Accessibility

Mag. Rudolf Hartjes

Die Thematik des barrierefreien Internets nimmt in der österreichischen Öffentlichkeit bedauerlicherweise immer noch einen relativ geringen Stellenwert ein und wird primär von einem sozialen Blickwinkel aus wahrgenommen. Der soziale Aspekt der Barrierefreiheit ist leider oft nur für große Unternehmen und Organisationen eine Motivation – frei nach dem Motto „doing well by doing good“ – die erforderlichen Ressourcen einzusetzen, um letztlich ihr soziales Engagement entsprechend zu kommunizieren und zu platzieren.
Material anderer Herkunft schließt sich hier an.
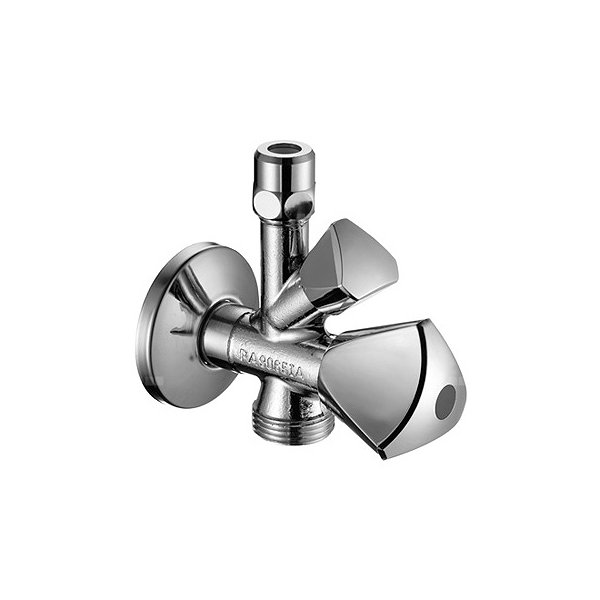 Kombinowany zawór katowy 1/2" chrom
Auch technische Vorteile der Barrierefreiheit wie z. B. eine geringere Serverlast durch standardkonforme Programmierung werden erst ab einer gewissen Größe der Website schlagend. Es herrscht daher immer noch die weit verbreitete Meinung, barrierefreie Web Auftritte sind nur für große Unternehmen relevant. Gestärkt und untermauert wird diese Meinung durch die Erwartung eines höheren finanziellen und technischen Aufwandes sowie mangelnde Fachkenntnis seitens der Betreiber, wenn es um die Implementierung der Barrierefreiheit geht.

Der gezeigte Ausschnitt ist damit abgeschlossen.